Choosing the Right Widget for the Job

There are no hard and fast rules when it comes to which widget is best to visualize your data. This guide gives you a basic outline of which widgets seem to work best for different types of situations. When it comes to visualizing data, don't be afraid to "break the rules" to find what works best for your data.

Deciding Which Data is Most Important

Before considering a type of widget to use, you must decide what is most important in your data to get a point across. Is the most important data to display in the visualization an amount or is it a label?

It isn't always easy to discern if the important data to display is a dimension or a measure. A bar chart can help you decide what should be emphasized.  

- To emphasize the height of the bar(s) is to emphasize the measure.

- To emphasize which bar(s) is to emphasize the dimension.

Measure (amount)

  • An amount or an observation; the values that aren't known beforehand
  • Raw values and calculated values
  • Typical examples: number of page visits, time spent per ticket, money earned

Dimension (label)

  •  Labels and axes
  •  Dimensions are the context for your measures, such as where it was taken, when it was taken, what is was taken on
  • Typical examples: date, country name, URL, category

Choosing a Widget Based on How Data Should Be Displayed

This section on the basics of choosing a widget is based on the work of Dr. Andrew Abela. He describes how to best display visual data in his book Advanced Presentations by Design

After deciding if the data you want to display is a measure or a dimension, refine your widget search by defining a data visualization category.  

Composition

The composition category is good for giving viewers a summary or first look at data. It is especially suited for helping to understand large amounts of data.

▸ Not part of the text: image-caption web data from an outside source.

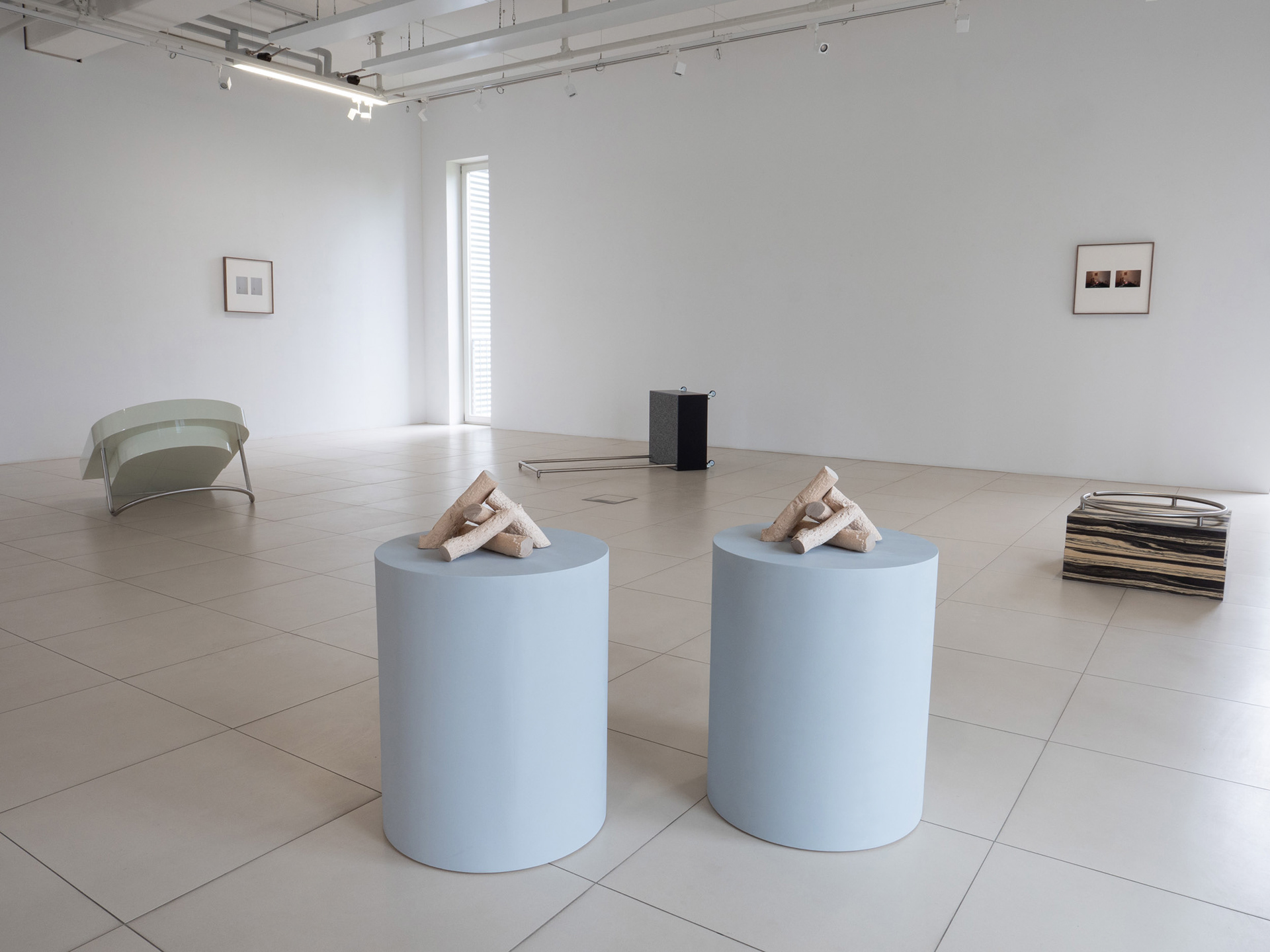 FeuerFeuer, 2026, pair of sculptures made of spruce wood, poplar wood and MDF.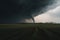 Huge tornado swirling over field, created using generative ai technology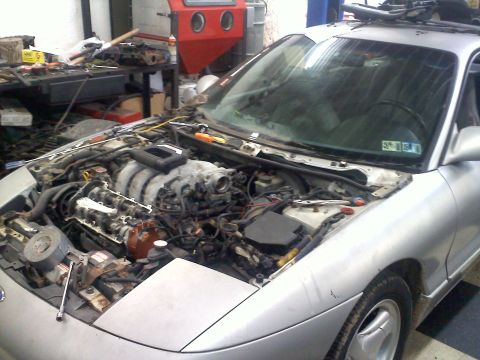 1993 Ford Probe - The engine bay of a silver car is exposed, revealing the V6 engine and surrounding components.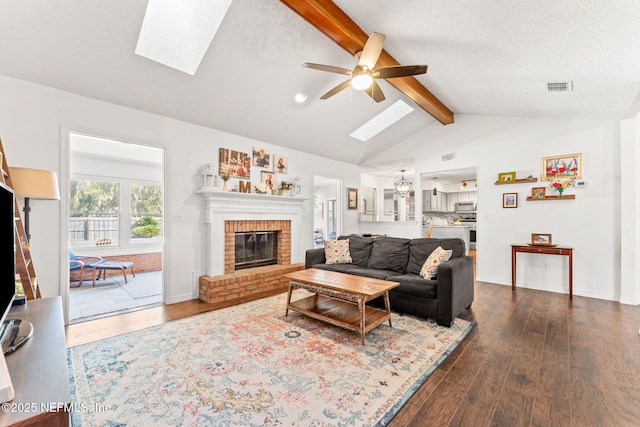 living area featuring dark wood-style floors, visible vents, lofted ceiling with skylight, and a brick fireplace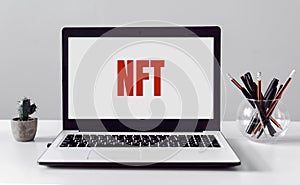 Office table and laptop with text NFT. Non-fungible token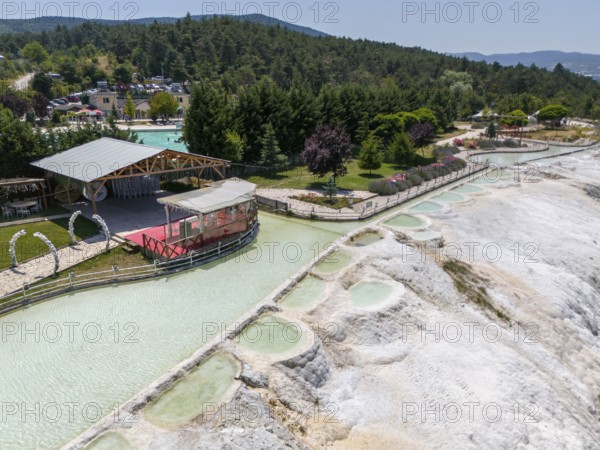 Panoramic view of limestone terraces next to a green park with a red platform, aerial view, Akkaya Travertines, Bolu Province, Turkey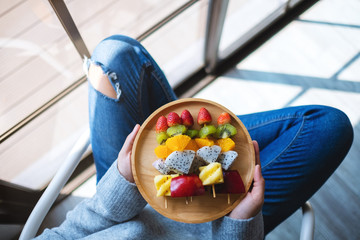 Top view image of a woman holding a wooden plate of fresh mixed fruits on skewers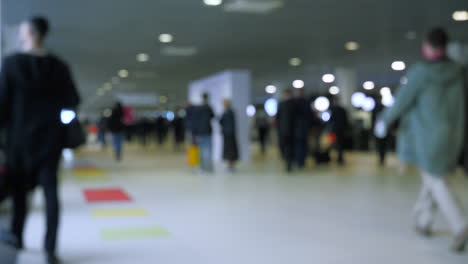 blurred view of a crowded exhibition hall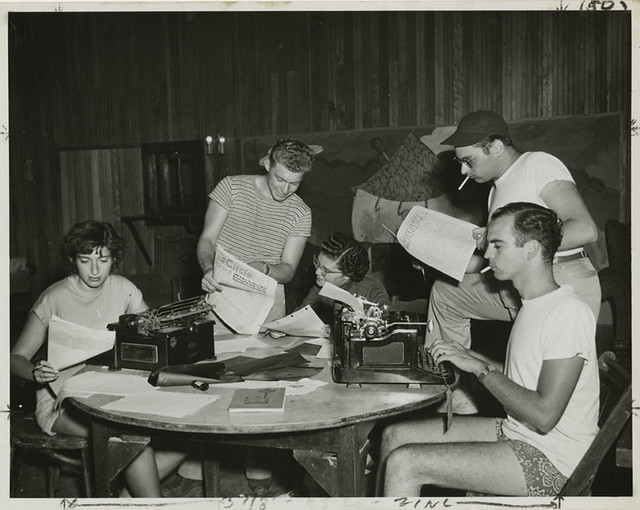Young men and women working on writing for publications at Camp Wel-Met, 1948
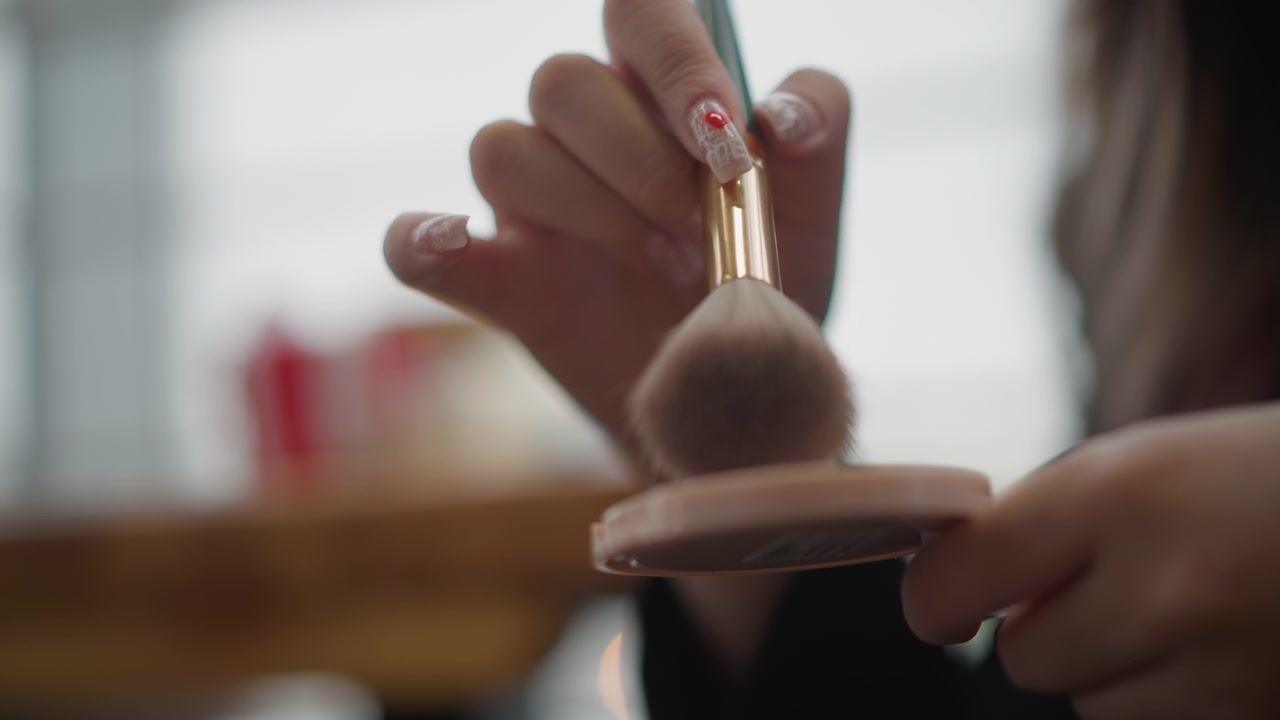 Close-up hands using fluffy makeup brush on powder compact, showing bristle splay, gentle circular movement, product pickup, soft pressure, and delicate lifting motion during beauty routine in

Examples of widgets that excel at displaying overall data include: pie charts, sunburst, percent stacked bar chat, area, and stream charts.


Comparison

The comparison category is good for giving viewers a clear way of understanding what data is bigger or smaller in the dataset. These are more useful after the dataset has been narrowed down to analyze a small set of data points. 

Examples of widgets that excel in displaying the measure of data points include: bar charts, polar area charts, and line charts.




  Relation

The relation category is good for viewers to understand how different data points in your dataset interact with each other. The goal isn't to show a particular measure but how different dimensions compare.

Examples of widgets that excel in displaying how data points compare with other data points include: map graph, circular network, scatter plots, and network graphs.

Distribution

The distribution category is good for viewers to understand the overall shape of the data. When the importance of the visual isn't a specific point but coronations and trending within the data. 

Examples of widgets that excel in displaying clusters and trends include: scatter plots, histograms, and line charts.